Il arrive, notamment en période de confinement, que l’esprit humain se perde dans les tréfonds abrutissants de YouTube. Au cœur de ce désert intellectuel, certaines interventions retiennent tout de même l’attention. Celle de Julien Rochedy en fait partie. A la question « qui pour 2022 ? », le jeune homme répond Charles Gave. Son âge, sa fortune, son indépendance sont les principaux arguments justifiant une proposition pour le moins inattendue. Bien que les désaccords puissent être réels avec cette suggestion, je vois au moins un intérêt à poser cette question : préparer l’après pour gagner. Pour répondre à ce cher monsieur, je me propose non pas de traiter la question « qui pour gagner » mais « quoi pour gagner ». La politique est une guerre, les idées priment sur les hommes.
Que devons-nous défendre et proposer pour battre Emmanuel Macron en 2022 ?
Premièrement, nous devons désigner le coupable. Il faut commencer par dénoncer les cinquante années de libéralisme économique, politique et social. Après ces années de concurrence économique mondiale, les industries françaises sur le sol nationales se font rares et les petits producteurs sont les victimes des grandes firmes internationales. Après ces années où l’Etat de droit a consacré l’individualisme comme vertu cardinale, la famille et toutes les autres formes de socialisations primaires sont réduites à néant. Ce libéralisme imposé par les Lumières de la révolution mondiale, a sacrifié famille et travail sur l’autel du libre-échange.

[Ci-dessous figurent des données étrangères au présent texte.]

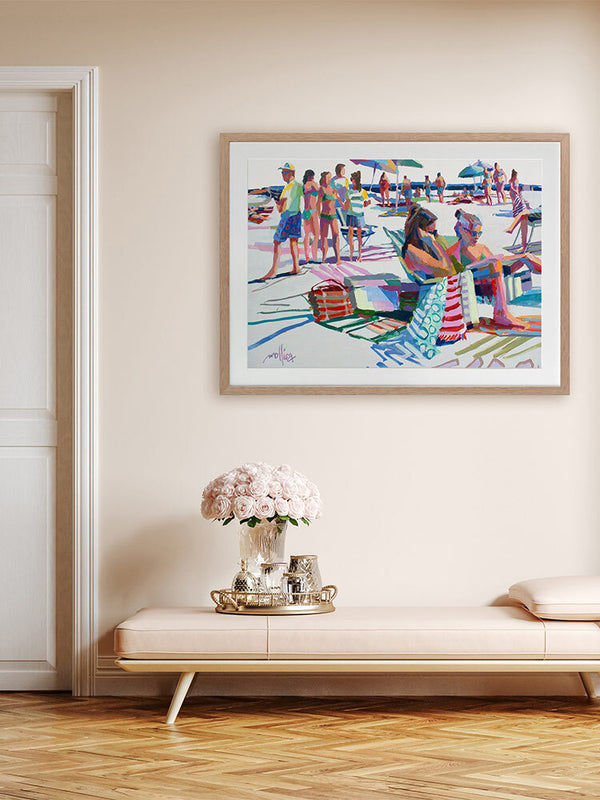 Beach Party Framed Art Print | Lifestyle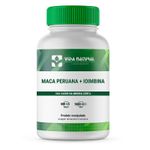 Maca Peruana 500mg + Ioimbina 5mg - 60caps - Vida Natural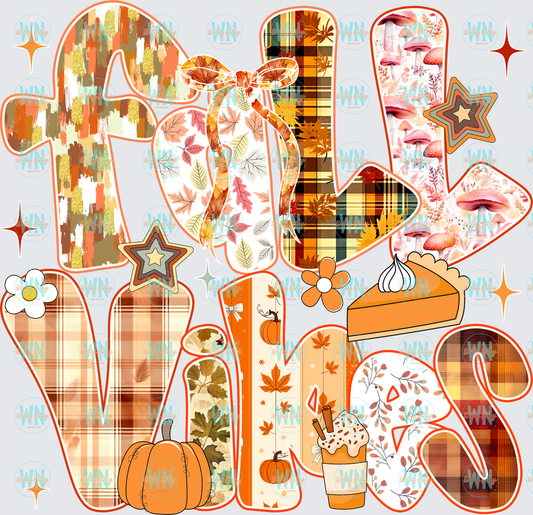 Fall Vibes (font)-Ready to Press DTF Transfer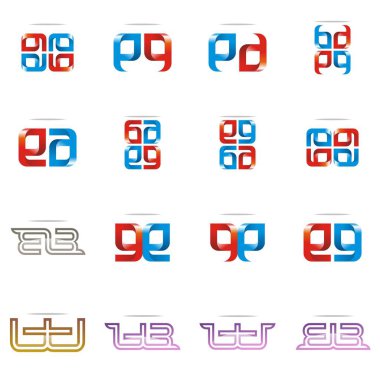 Tasarım Logo öğe kümesi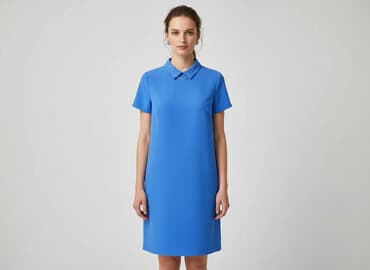 paznokcie do niebieskiej sukienki: Sukienka damska, rozmiar S — 5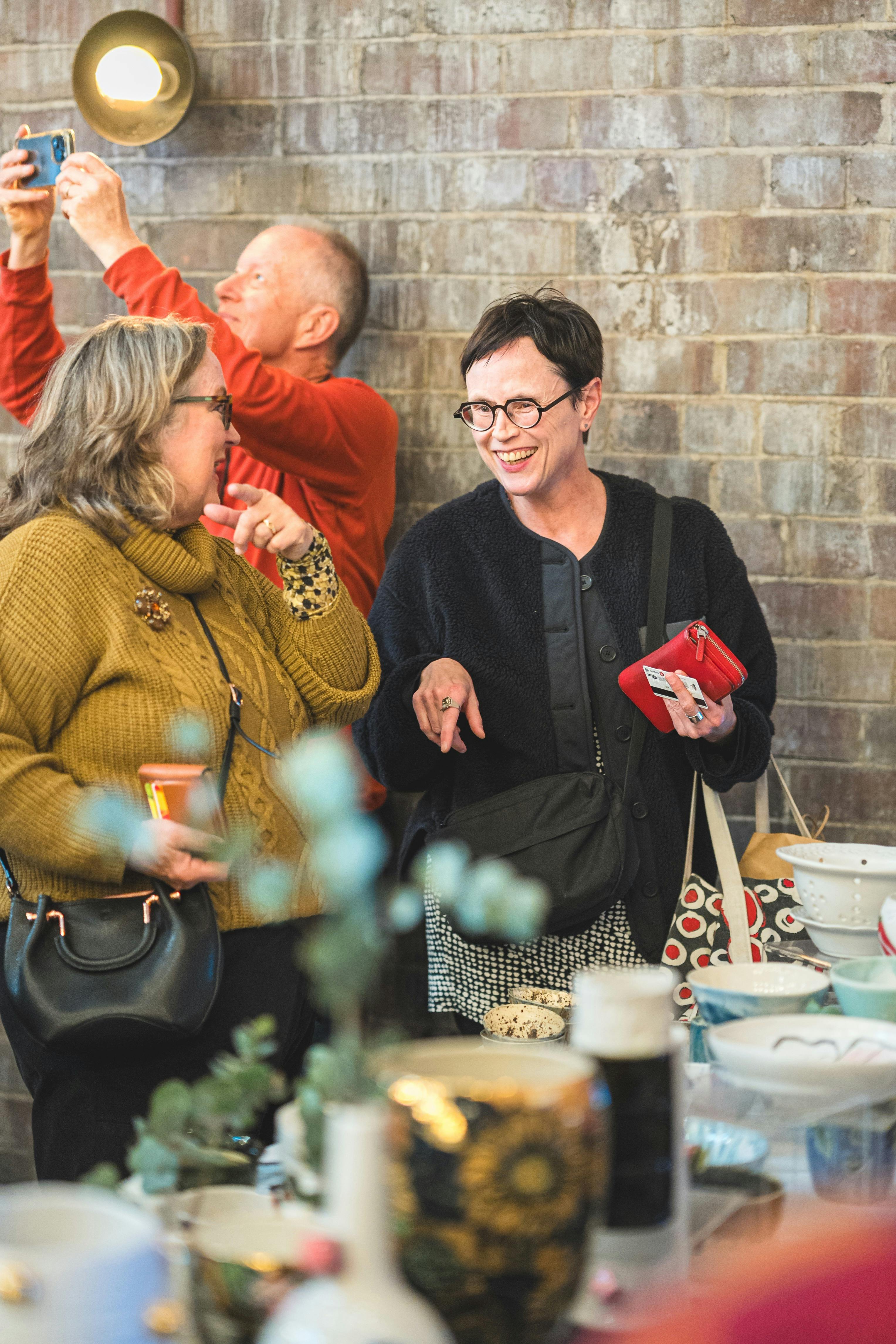 people shopping at the market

Après les années de folie des grandeurs des cadres de la Start Up Nation, il s’agit de remettre de l’ordre et du sacré dans la maison France.
Deuxièmement, pour gagner et panser les plaies de la fracture sociale nationale, il faut remettre le peuple au centre des débats. En clair, il est vital d’assurer la convergence entre l’électorat populaire et l’électorat conservateur. Il ne s’agit pas de coller ensemble deux morceaux de France le temps d’une élection pour les renvoyer à leur misère du quotidien une fois la date fatidique passée, mais bien de les rassembler parce que ces deux franges-là incarnent le camp des perdants de la mondialisation. Qu’elles soient en jaune ou en rose, elles sont les victimes économiques et sociales du libéralisme mondiale. Ces deux France là ne font qu’une parce qu’elles sont la France du réel et parce qu’elles sont la France d’en bas courbant l’échine sous les coups de boutoir de la France d’en haut. L’Histoire parle pour nous. Le RPF aux municipales de 1947, le RPR de 1958 et, malgré son immense trahison, le Sarkozy de 2007 sont les meilleurs exemples de la cohérence idéologique et de la pertinence stratégique portées par cette convergence populaire.

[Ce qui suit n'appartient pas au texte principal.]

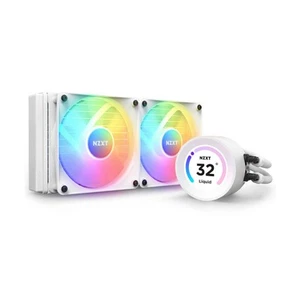 NZXT Kraken Elite 240 RGB 2x120mm AiO Liquid CPU Cooler - Matte White - Afbeelding 1 van 7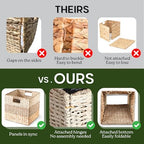 CHI AN HOME 12x12 Baskets for Cube Storage, Wicker Cube Storage Bins Set 4 - Image 6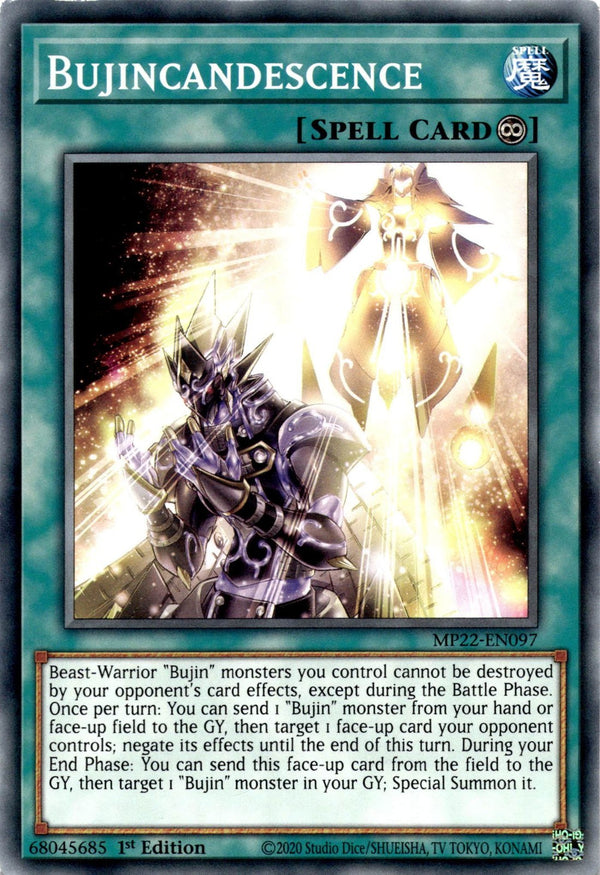 Yugioh Bujincandescence MP22-EN097 Common 1st Edition VLP/NM
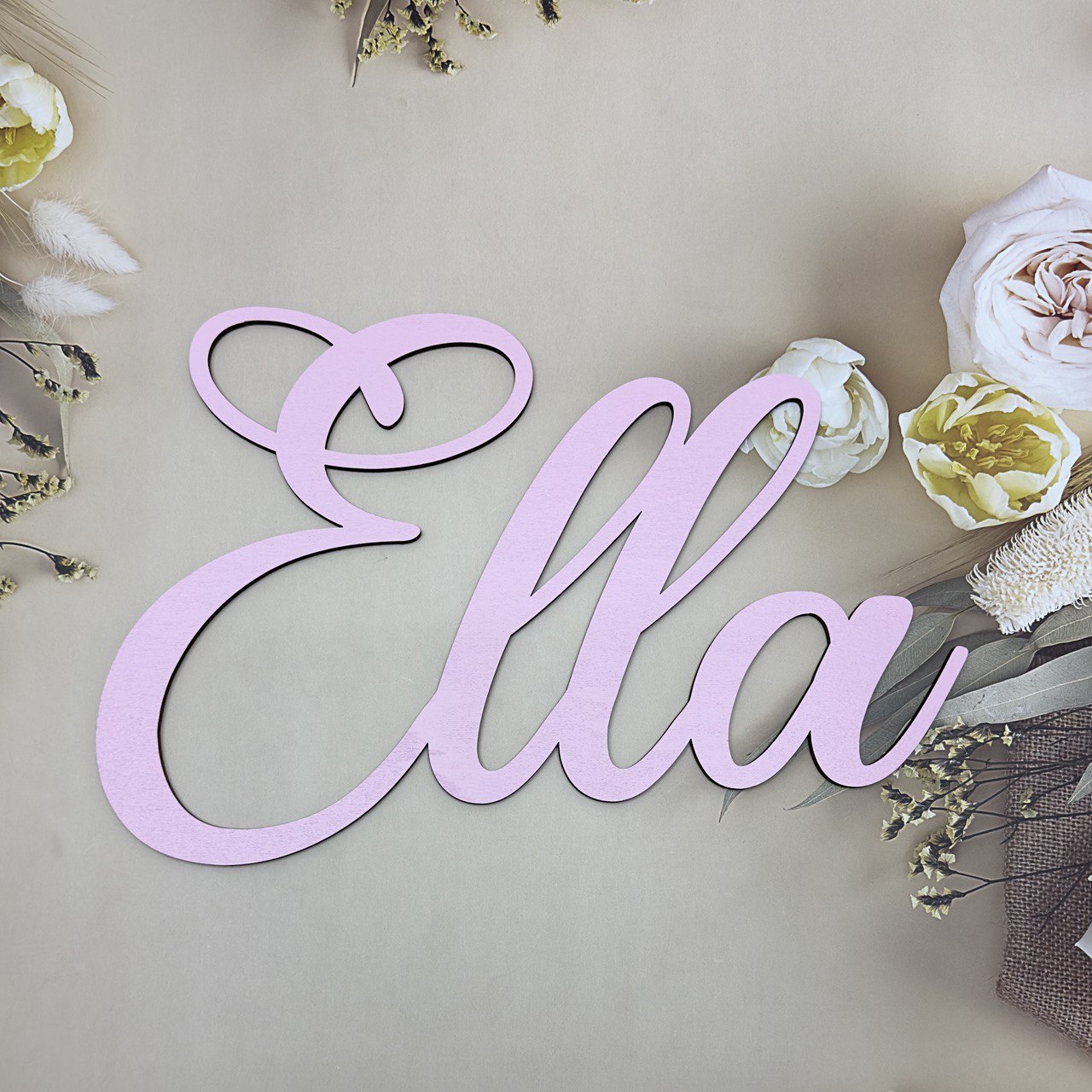 Personalisierter Namensschild aus Holz: Kinderzimmer Deko | Geschenk zur Babyparty, Türschild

Troisièmement, il faut appliquer une politique civilisationnelle pour se défendre et ne pas mourir dans l’éternel affrontement Orient-Occident. Pour refaire Nation, nous devrons nous défaire du servage économique et culturel que nous imposent les blocs anglo- saxons et orientaux. En somme, le projet porté devra permettre de retrouver l’attachement charnel à la terre de nos morts et l’héritage spirituel de nos pères. Là où notre société n’est plus qu’une addition de désirs individuels, il faudra retisser du lien social pour refaire communauté et ainsi retrouver puissance et souveraineté.
Ces quelques points, pouvant être tout ou partie la doctrine défendue pour gagner, soulèvent un aspect non négligeable : le libéralisme est le nouveau clivage politique. En conscience, il ne faudra donc pas répéter les erreurs du passé pour prétendre à la victoire. En effet, les derniers thuriféraires aguicheurs d’un prétendu libéralisme-conservateur ont déjà payé très cher le prix de leurs erreurs. Écarter l’impasse du chimérique libéralisme- national est une nécessité, proposer une vision aux antipodes du « laissez-faire laissez- passer » une obligation.

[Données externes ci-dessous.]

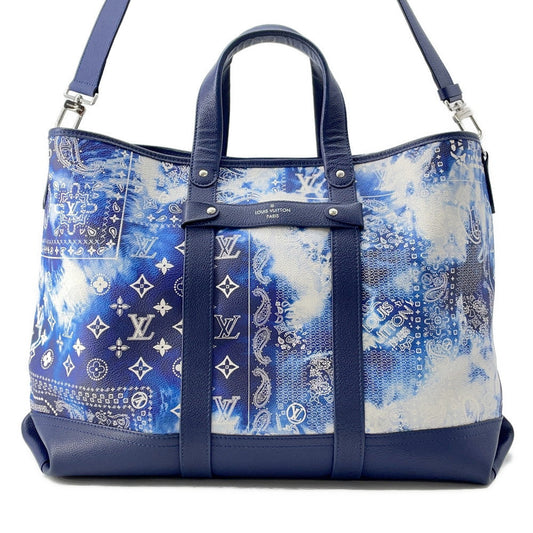 LOUIS VUITTON Trolley tote BlueM20553 Monogram ?Bandana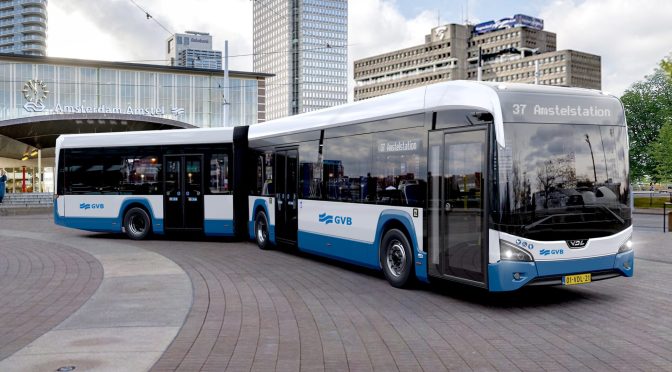 VDL CONSIGUE GRAN PEDIDO DE BUSES ELÉCTRICOS DE LA NUEVA GENERACIÓN CITEA PARA GVB DE AMSTERDAM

A l’heure des calculs, des rêves et des fantasmes pour faire émerger la nouvelle Jeanne d’Arc, je préfère définir « comment se battre » plutôt que « sous les ordres de qui se battre ». L’erreur de notre camp a souvent été de sacraliser l’image du chef pour mieux tomber avec lui. Qu’importe celui qui portera l’étendard pourvu qu’il chevauche à nos côtés dans la bonne direction.